The other element was a simple case of temp love. He ultimately decided that he wanted to go back to his Avid tracks and stick with those. The mixer and I weren’t exactly keen on the idea, because it was basically just a wall of pink noise where any defining or characteristic elements were immediately swallowed up in the cacophony of all them components combined. We did what we could to carve something interesting out of it all. The director wasn’t really happy with that moment during the mix either, because it didn’t sound the way it did on his machine (no surprise there, stereo speakers in a tiny room vs. full range 5.1 system on a mix stage). In this case though, we had the tracks and original automation from the OMF to show to him. We didn’t fight or argue, we just did what we could with the material we had. We basically became supportive button monkeys for that one element, with occasional forays into the realm of design coaches. He may not have been happy with how it was going, but our approach left him with very little room to complain. Kelly Pieklo used to say, “Default to yes,” within reason of course. Knowing when to pick fights and when to just let it roll while detaching from that process (if you have to), can be the most effective way to deal with problems sometimes.

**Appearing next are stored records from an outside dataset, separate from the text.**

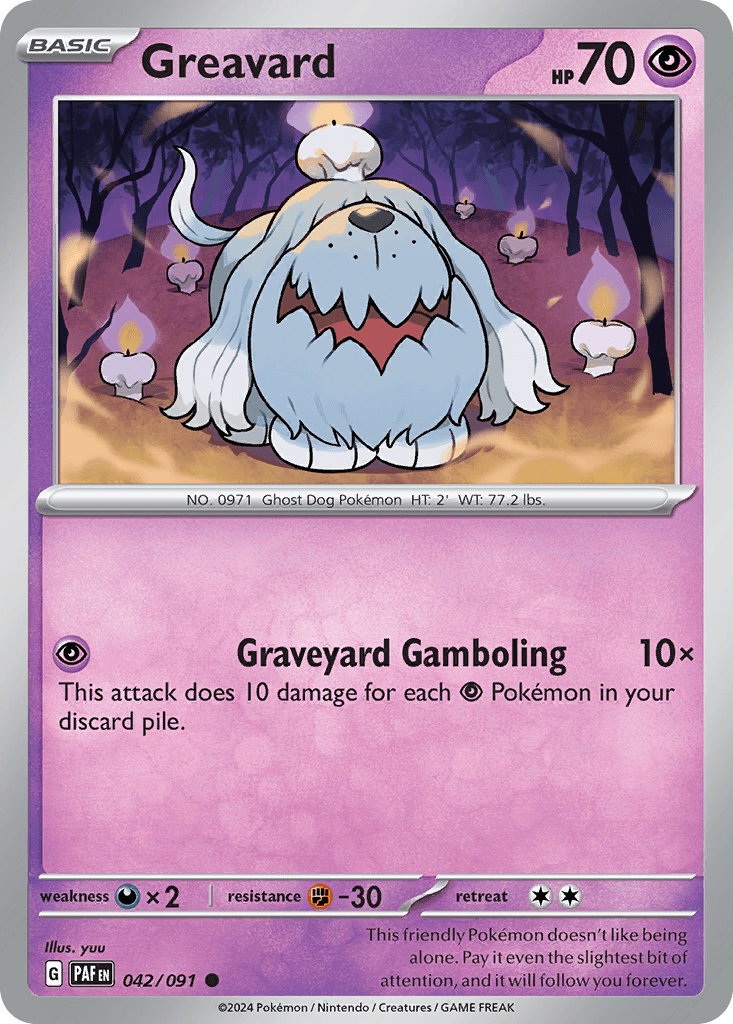 Greavard Pokémon card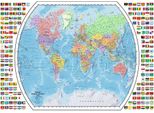 Ravensburger Puzzle Mappa Del Mondo Politico 1000 Pezzi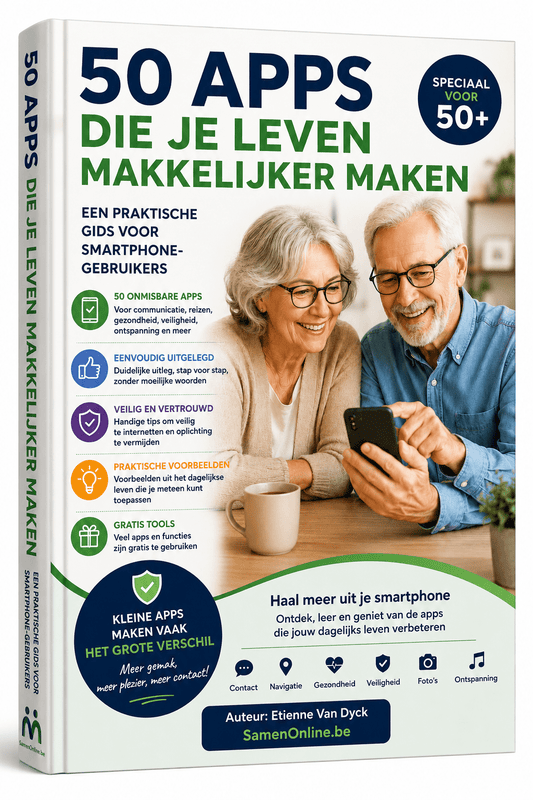 Gratis e-book - 50 Apps die je leven gemakkelijker maken - Samen Online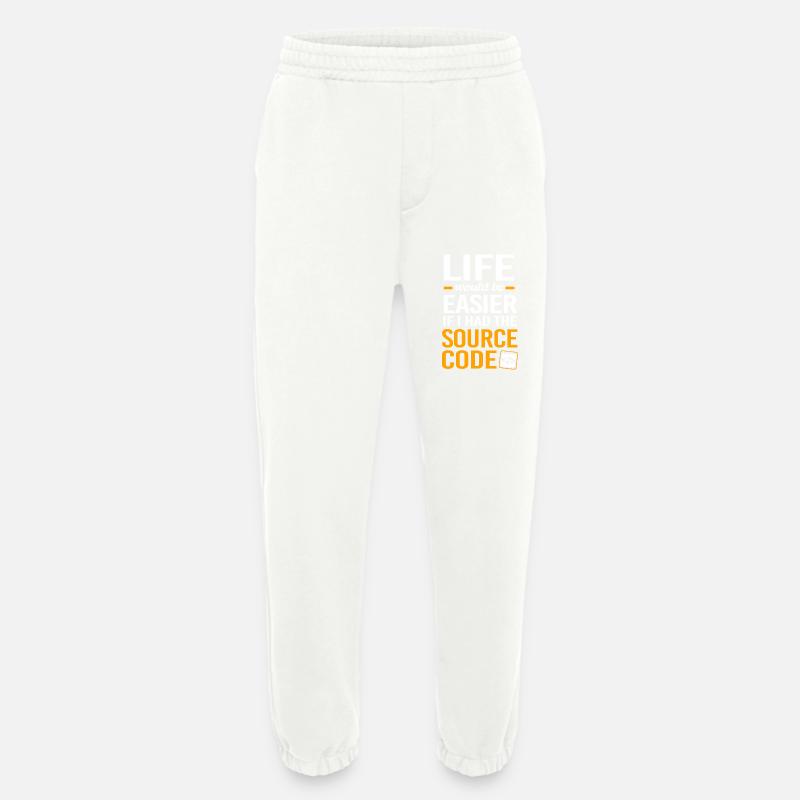 Cybersecurity Cyber Programmer Hacker - Heavyweight Jogging Pants - made by SPREAD - OFF WHITE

I’ve had only one negative experience but luckily it was 5 years ago when I did some of my first projects. Since then I’ve learned to set ground rules with the directors, establishing how our relationship will go. In essence, I make it clear that it’s their film, so I’ll do what they want me to do sound wise, but I will occasionally insist on some aspects as I haven’t spent months editing the film and thus I’m a new pair of eyes. I believe that part of the service I provide is being objective, as I am not emotionally involved in the film, thus I can see it the way an audience would.
My bad experience was on a student film. The director sent me the final cut, I worked for a couple of weeks on it and a few days before the deadline I receive an e-mail titled: New Cut. They didn’t understand why it was such a big deal and why I couldn’t just ‘move the sounds around’. Bare in mind, it had a lot of new cuts, things moved around, new scenes entirely, etc. On the same project, I needed to request something from the editor, but I couldn’t get through, so I e-mailed the director. The director then phoned me to say that ‘the editor has done her job, now it’s time to do YOURS’. I seem to recall that I needed some audio files, but the director just wouldn’t have it, and kept saying that I need to do my job. Bare in mind, this was after weeks of constant work on their film. I vowed never to work with that person ever again, as you might imagine, but only after I finished the film.
In essence, I would say that the best tactic is to discuss things with the director before hand and establish how the relationship will run. Also, as Tim mentioned, we need some sort of stress release. Mine is going to the gym, doing some lifting and just generally overworking myself. It seems to work best for me.